The year 1992 was the last in which the Conservative party won a British election – to the surprise of most political pundits. It had some superficial similarities to the present. Public sector borrowing was on the rise and at its peak in 1993-94 reached 7.8 per cent of gross domestic product, regarded then as shockingly high.

The strategy of Norman Lamont, the then chancellor of the exchequer, was a parody of St Augustine’s “Let me be chaste but not yet”. He began a series of phased tax increases and spending curbs which were to take place over three years and thus ensured long-term fiscal prudence while avoiding depressing the economy during a recession. His successors, Kenneth Clarke and Gordon Brown (then in his prudent phase) continued that policy so that in 2000 there was a public sector net repayment of 1.9 per cent of GDP.

Could the tactic be repeated this time round? The magnitudes are much larger. The Institute for Fiscal Studies expects the annual “baseline” deficit to average £150bn over the next three years, equivalent to about 10 per cent of GDP. The IFS predicts the debt-to-GDP ratio will climb to more than 70 per cent of GDP by the middle of the next decade, excluding support for banks, compared with Mr Brown’s original objective of 40 per cent.

The Centre for Economics and Business Research expects the deficit to peak at £213bn in 2010 or about 15 per cent of GDP, and the debt ratio to exceed 100 per cent two years later. The chancellor’s own headline projections may not be directly comparable, as they are likely to take into account policy moves.

In fact, the debt ratio has historically been much higher – more than 200 per cent after the Napoleonic wars and again after the second world war – without the disasters predicted by prophets of doom. These prophets may point to the current Irish crisis as a contrary example.

This ignores the fact that 80 per cent of the Irish national debt is held by international investors, compared with 30-40 per cent in the case of the UK and the US. Moreover, Ireland has the disadvantage of being tied into the eurozone at a fixed exchange rate that was initially too low and is now too high.

Of course, it would have been much better if the UK could have entered the recession with much lower initial deficit and borrowing ratios – if only because the financial markets do not understand the very good arguments for fiscal deficits in depressed times. It is childish just to blame Gordon Brown. Economic forecasts are not made by the chancellor personally and the Treasury’s fiscal assumptions are endorsed by the National Audit Office.

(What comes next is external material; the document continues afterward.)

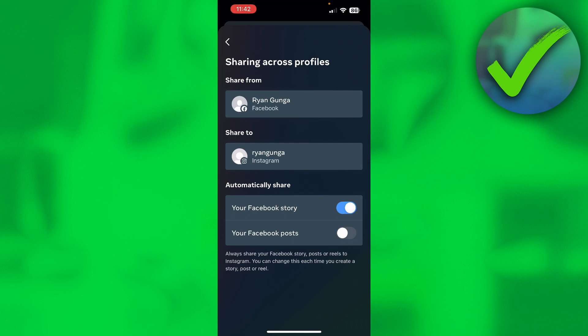So once you add a story on Instagram, it will be added to Facebook Story, and the other way around as well. That is exactly what we want to do. I hope this quick video helped you out — see you next time, have a good day!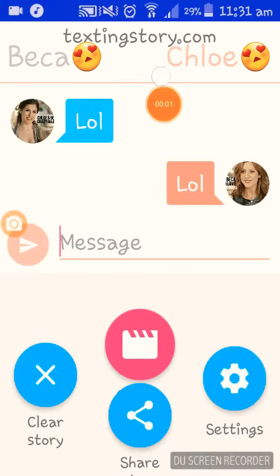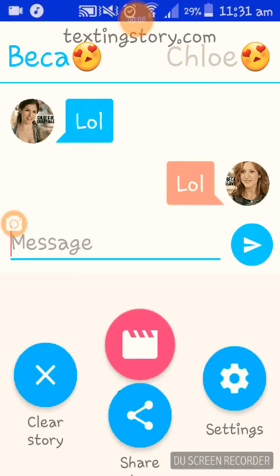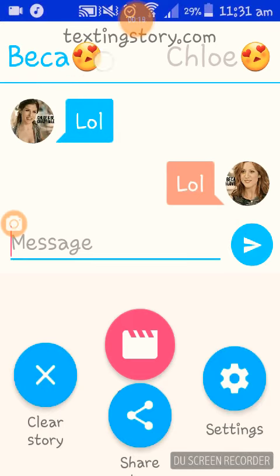Hey everybody, Kirsten here. If you want to know how you can put the pictures here and here — it's like an app that you use, you can play with two people. Becca's on the left, Chloe's on the right. I put the name Becca and that cute little emoji, same thing here.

These bodies are not free to write fiction. At a rough guess, I would put a third of the blame on an over-optimistic assessment of the underlying growth rate and amount of spare capacity in the economy, a third on an over-estimate of financial sector profits and perhaps a third on over-optimism by Mr Brown himself.

What fundamentally is wrong with a budget deficit? The basic argument is that if borrowing is too high the government can get into a debt trap, having to borrow more and more simply to pay the interest on past borrowings. Estimates of the safety limit tend towards an annual deficit of 3 per cent of GDP – the limit that is incorporated in the eurozone’s growth and stability pact.

Such calculations were perfectly all right before the credit crunch, when booms and busts were fluctuations around a given trend. Keynes in his General Theory maintained however that the propensity to save was much greater than the private propensity to invest, not just at the bottom of a recession but more or less permanently – a state known as secular stagnation.

This seemed plausible in the 1930s but was belied by events in the half century or so after the second world war. We could easily have a good few years in which secular stagnation might seem to prevail again, if only because of the near destruction of the world financial system. If we are in such a state then an attempt to adhere rigidly to a fiscal rule could lead to a permanent and unnecessary loss of output outweighing any welfare loss from the debt trap risk itself.

I have sympathy with those economists who favour a mainly monetary approach to sustaining demand. But I fear that the present dangers are great enough to require a belt and braces – monetary and fiscal – approach. I go back to an early suggestion of Milton Friedman that I disinterred in response to December’s pre-Budget stimulus.

The suggestion was that tax rates should be set to balance government spending at a hypothetical level of national income corresponding to “reasonably full employment at a pre-determined price level”. What this is cannot be estimated until the world and UK economies have settled down after the present turmoil.

But the beauty of the suggestion is that, should the economy go back to a recognisable trend growth rate, then the budget would automatically achieve the target balance. Yet should there really be secular stagnation then deficits would run on as long as necessary. Of course, a lot of work would need to be done to adapt Friedman’s suggestion to modern conditions, but this would be immensely more worthwhile than the hazardous projections we are likely to see in the Budget Red Book.